「不安」を「希望」に変える経済学
著者:岩田 規久男
PHP研究所(2010-06-24)
販売元:Amazon.co.jp
★☆☆☆☆
アゴラでは今週からしばらく、デフレをテーマにした記事を特集したい。しかし今まで「リフレ派」の人々からの投稿がないので、ここでは書評でその主張を紹介しておこう。

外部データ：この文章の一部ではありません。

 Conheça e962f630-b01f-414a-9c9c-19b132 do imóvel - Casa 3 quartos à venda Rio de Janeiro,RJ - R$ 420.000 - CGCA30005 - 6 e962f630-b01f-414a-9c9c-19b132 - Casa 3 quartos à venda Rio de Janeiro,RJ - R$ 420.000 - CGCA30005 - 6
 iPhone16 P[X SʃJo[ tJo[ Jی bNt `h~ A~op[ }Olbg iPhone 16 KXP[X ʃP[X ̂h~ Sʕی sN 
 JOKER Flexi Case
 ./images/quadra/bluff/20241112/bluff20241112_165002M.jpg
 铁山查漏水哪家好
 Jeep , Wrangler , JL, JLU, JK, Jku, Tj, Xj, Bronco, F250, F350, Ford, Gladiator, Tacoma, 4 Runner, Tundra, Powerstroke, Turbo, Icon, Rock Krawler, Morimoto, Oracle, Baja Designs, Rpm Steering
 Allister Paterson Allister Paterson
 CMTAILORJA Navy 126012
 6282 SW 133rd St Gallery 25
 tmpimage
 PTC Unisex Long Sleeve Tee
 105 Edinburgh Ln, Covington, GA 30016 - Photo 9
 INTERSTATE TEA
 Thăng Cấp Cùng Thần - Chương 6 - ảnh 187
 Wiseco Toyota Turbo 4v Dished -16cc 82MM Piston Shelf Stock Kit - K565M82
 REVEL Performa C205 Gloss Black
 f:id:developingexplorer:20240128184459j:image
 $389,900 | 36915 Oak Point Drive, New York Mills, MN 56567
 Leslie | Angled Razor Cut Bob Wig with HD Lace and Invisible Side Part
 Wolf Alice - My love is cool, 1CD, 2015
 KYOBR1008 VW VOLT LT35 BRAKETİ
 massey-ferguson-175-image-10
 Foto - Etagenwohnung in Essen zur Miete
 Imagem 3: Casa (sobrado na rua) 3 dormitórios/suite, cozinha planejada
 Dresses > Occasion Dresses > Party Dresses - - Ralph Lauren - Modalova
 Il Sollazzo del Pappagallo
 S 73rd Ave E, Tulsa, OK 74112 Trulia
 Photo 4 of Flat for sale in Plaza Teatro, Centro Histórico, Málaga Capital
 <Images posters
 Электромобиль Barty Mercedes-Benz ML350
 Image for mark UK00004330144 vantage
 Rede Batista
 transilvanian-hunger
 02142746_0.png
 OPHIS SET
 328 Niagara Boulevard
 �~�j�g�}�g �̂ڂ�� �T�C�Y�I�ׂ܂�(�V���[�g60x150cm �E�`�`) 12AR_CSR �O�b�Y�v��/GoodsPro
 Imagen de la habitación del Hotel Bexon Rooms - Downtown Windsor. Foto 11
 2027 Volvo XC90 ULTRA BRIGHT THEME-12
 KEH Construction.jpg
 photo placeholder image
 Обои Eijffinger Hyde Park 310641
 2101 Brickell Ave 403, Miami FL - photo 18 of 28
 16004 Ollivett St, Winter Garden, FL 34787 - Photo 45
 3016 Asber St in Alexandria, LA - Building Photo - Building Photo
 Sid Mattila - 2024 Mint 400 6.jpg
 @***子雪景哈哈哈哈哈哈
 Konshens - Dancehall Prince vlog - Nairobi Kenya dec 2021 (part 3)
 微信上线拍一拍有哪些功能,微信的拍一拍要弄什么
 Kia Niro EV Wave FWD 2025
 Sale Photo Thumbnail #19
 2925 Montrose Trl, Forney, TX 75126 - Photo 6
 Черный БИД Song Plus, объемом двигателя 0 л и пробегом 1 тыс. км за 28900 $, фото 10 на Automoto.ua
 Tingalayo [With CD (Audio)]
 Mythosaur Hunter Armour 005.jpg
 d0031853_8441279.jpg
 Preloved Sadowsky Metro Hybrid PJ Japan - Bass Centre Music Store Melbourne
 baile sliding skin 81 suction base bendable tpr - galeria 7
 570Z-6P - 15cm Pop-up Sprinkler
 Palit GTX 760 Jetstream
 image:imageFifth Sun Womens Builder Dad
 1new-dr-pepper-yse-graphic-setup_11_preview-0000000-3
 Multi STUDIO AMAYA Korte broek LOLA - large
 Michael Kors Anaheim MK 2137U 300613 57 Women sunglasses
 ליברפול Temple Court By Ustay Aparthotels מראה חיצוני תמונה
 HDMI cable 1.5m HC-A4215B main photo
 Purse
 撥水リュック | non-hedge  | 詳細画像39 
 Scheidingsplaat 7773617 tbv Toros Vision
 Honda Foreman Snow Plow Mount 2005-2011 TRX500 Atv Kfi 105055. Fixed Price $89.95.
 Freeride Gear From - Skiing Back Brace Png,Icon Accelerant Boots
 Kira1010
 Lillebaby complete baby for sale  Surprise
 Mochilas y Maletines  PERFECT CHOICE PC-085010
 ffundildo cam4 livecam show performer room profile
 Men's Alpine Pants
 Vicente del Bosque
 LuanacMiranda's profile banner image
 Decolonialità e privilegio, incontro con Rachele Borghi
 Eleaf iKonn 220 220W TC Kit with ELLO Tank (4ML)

本書は高橋洋一氏の本に比べれば、成長戦略や財政改革などにも言及している比較的バランスのとれた日本経済論である。もちろん中心は第3章「日本銀行の大罪」だが、他の章では(よくも悪くも)常識的な議論をしている著者が、相手が日銀になると非論理的になるのは不可解だ。たとえば日銀の白川総裁が
持続的に物価が下落するのは、需要の弱さの結果として生ずる現象であり、(中略)需要自体が不足しているときには、流動性を供給するだけでは物価は上昇しない
とのべたことに、著者はこうコメントする:
世界広しといえども、中央銀行の中で、金融政策ではデフレを止められないと主張するのは日銀だけである。
白川氏は、現在のようなゼロ金利状況では、流動性を供給するだけではなく需要が増加しないとデフレは止まらないという常識をのべているだけで、金融政策がすべて無効だといっているわけではない。著者はこのあと数ページにわたって「金融政策は役に立たないと公言する日銀」への罵倒を繰り返しているので、これは単なる誤読ではなく意図的な曲解である。
著者は日銀が「2~3%のインフレ」を起こせると主張するが、その具体的な方法は示さない。唯一の論拠は、「無税国家」がどうとかいう笑い話だ。植田和男氏もいうように、そんな「背理法」を持ち出すまでもなく、「日銀が財を大量に購入して廃棄するということを続ければ、デフレは止まる」。しかしそれは単なる「流動性の供給」ではなく、日銀が民間の経済活動に介入する財政政策である。それは巨額の財政赤字をもたらすが、国会の議決もなしに日銀が税金の「先食い」をすることが許されるのだろうか。
著者はこうした非伝統的金融政策のリスクにはまったく言及せず、デフレの元凶はすべて日銀だといわんばかりの議論を繰り返し、日銀の政策は「デフレ誘導」だと攻撃する。インフレ目標は政策として検討に値するが、日銀の行動を法的に制約する「ターゲティング」にはリスクもともなう。それを無視して曲解と詭弁で日銀を諸悪の根源に仕立てる著者の議論は、学問的に不毛であり、政策的にはナンセンスである。
追記:著者の「ルーカスが日銀を批判している」という話については、池尾和人氏が事実誤認だと指摘している。